Of the many people we heard from during CPAC this year, perhaps the one person who left me feeling the most conflicted was Tim Pawlenty. I’ve always been intrigued by the prospect of the former Minnesota governor taking a run at the Oval Office, probably because of my well known RINOish tendencies, but also out of appreciation for how a Republican with many admirable conservative characteristics could not only survive, but thrive in a place like the North Star State. (Republicans in New York have long faced similar challenges, so there’s probably natural some empathy there.)
Getting the chance to sit down with Pawlenty and discuss his prospects was enlightening, but it also set up a sharp contrast with his CPAC floor speech, which may be a harbinger of his POTUS bid to come. During our first look, I saw the Tim Pawlenty I was used to and a bit more. As the following video from the blogger reception he hosted shows, he handles himself very well when tackling issues and prickly questions. In particular, note how he addresses both his “clunkers” on his record, such as previously supporting cap and trade, as well as the somewhat sticky questions of whether he is “conservative enough” or if he faces some sort of “charisma gap” as compared to other candidates.
The one word which comes to my mind – which many people treat as a pejorative – is wonky. Pawlenty is an intelligent man, fast on his feet and quite personable.
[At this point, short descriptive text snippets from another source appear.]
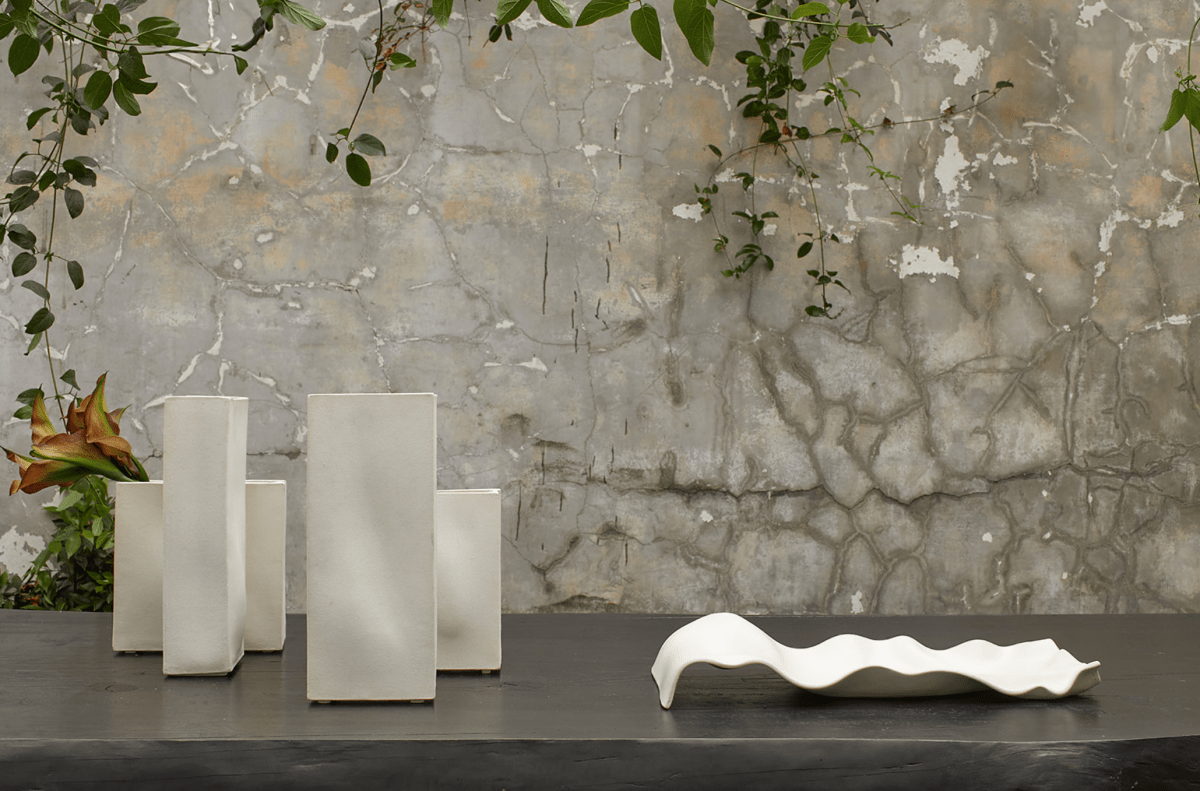 Rue Wide Vase - HOUSE OF SHE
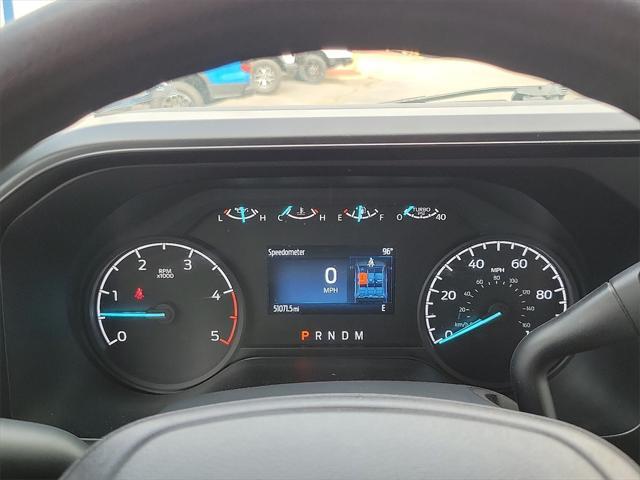 Photo of 2024 Oxford White Ford F-250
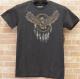 ���ե������ Denim&Supply �ǥ˥�����ץ饤 �ɥ꡼�७��å��㡼 & �������� T����� XS  Dream Catcher and Eagle Tee
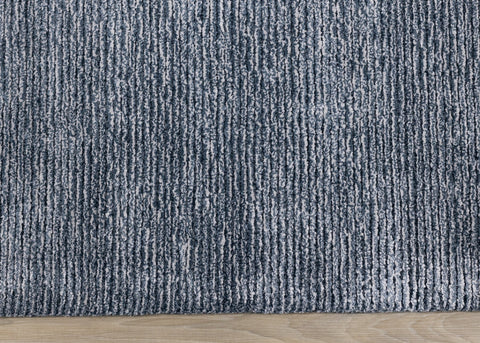 Ashford Blue Grey Hand Tufted Rug by Kalora Interiors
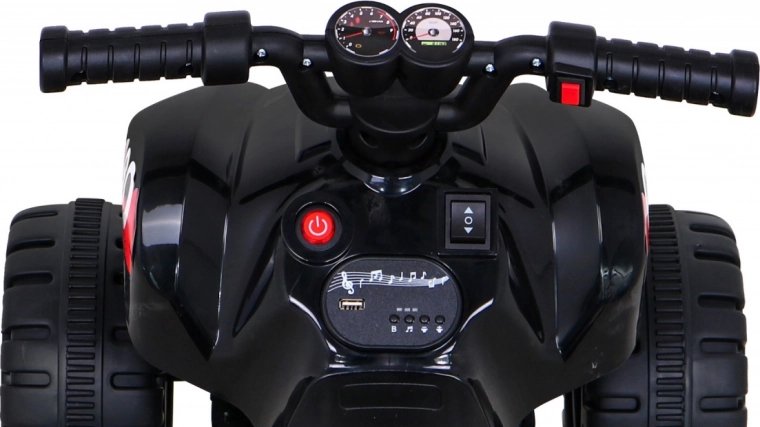 Manejo sencillo para los primeros paseos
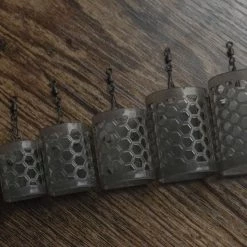 Preston Hexmesh Plastic Cage Feeders Match & Coarse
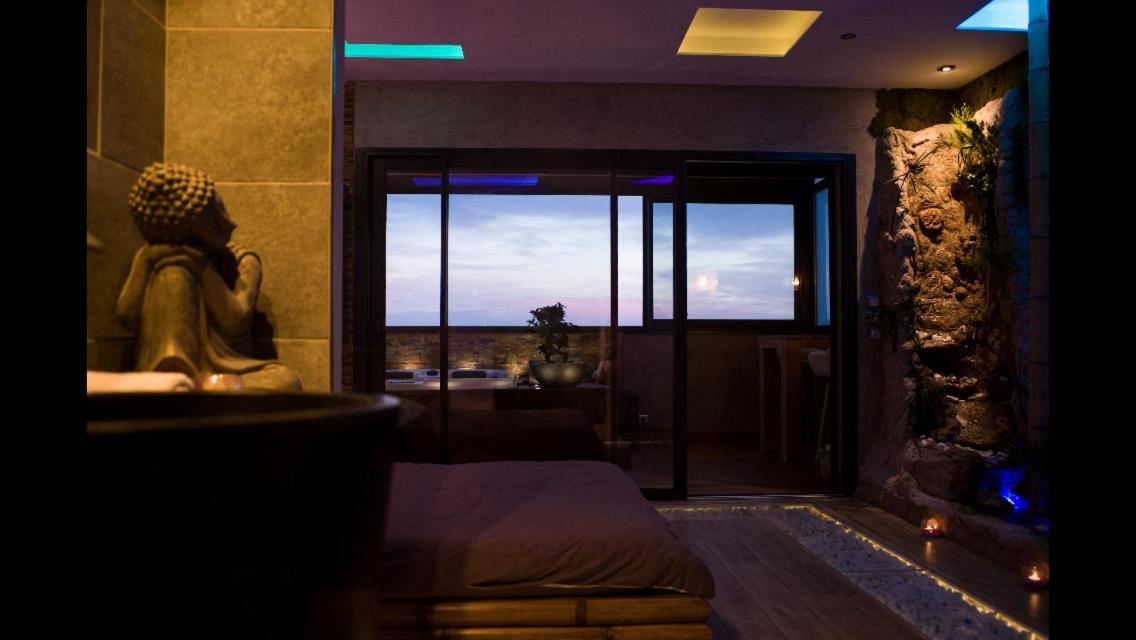 B&B Villa Sensorielle Nizza Kültér fotó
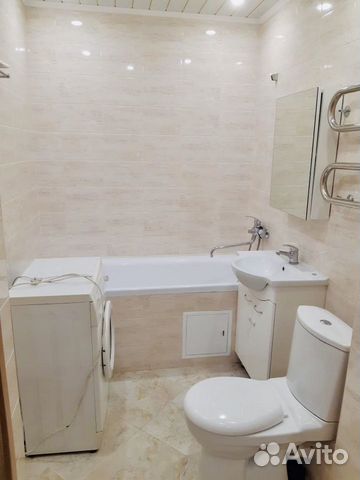 1-к квартира, 40 м², 13/16 эт.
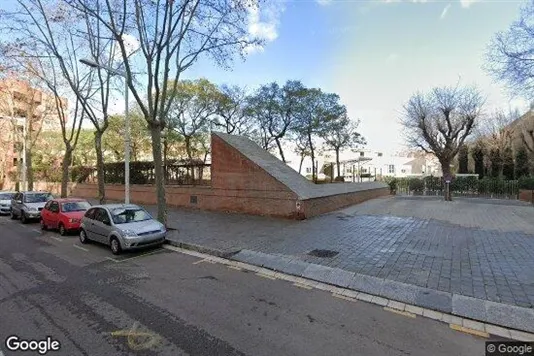 Lokaler til leje i Barcelona Sant Martí - Foto fra Google Street View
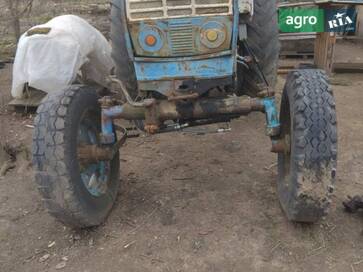 ЮМЗ 6 1975 - фото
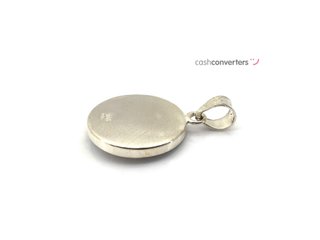 colgante plata 925mm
Whether you agree with him or not on any given subject, you never leave the room feeling as if you’ve been dealing with an uninformed, empty suit.
That was the speech which set me to wondering about Governor Pawlenty’s prospects in the primary. Rather than the “wonky” but very solid arguments on policy points which we’ve come to expect, he launched into a no holds barred festival of red meat for the conservative base. He joked about asking not which country President Obama was born in, but which planet he was from. He demanded the president “stop apologizing for our country” and extolled the virtues of American exceptionalism. Noble sentiments and crowd pleasers to be sure, but they seemed a bit out of place.
Obviously, the case can be made that this was precisely the audience where such a speech would be welcome, but from my perspective it simply didn’t sit well. Further, the delivery just seemed to hit the wrong notes. Pawlenty is compelling and confident in one on one situations. But when he takes the stage in a large gathering such as this there is a hesitation which is difficult to quantify.
There are some speakers – Reagan is frequently cited in such comparisons – who are “too large for the podium.” They dominate the room. With Pawlenty, no matter how excellently written the text nor how salient the points being made, he gives the impression of being slightly too small for the stage. It’s as if someone should have given him a milk crate to stand on.
When he paused for applause lines the audience sometimes seemed to feed on this negative energy and hesitate, unsure if that was when they were supposed to clap. And that’s a shame, in my opinion, because he is a fine candidate with many good points in his platform.
The governor’s speech was filled too far past the brim with red meat in a rather obvious effort to gin up the base. The field is full of candidates long on enthusiasm but short on details. I’d like to see T-Paw stick to his long suit and argue winning strategies for contemporary challenges, not the same old, “America Kicks Ass” theme we hear from everyone with access to a microphone.
This is not to say that one appearance dooms him any more than any of the other dark horse candidates we’re watching. But as the campaign progresses it would be nice to see him focus on issues and message a bit more and leave the cheer-leading to others.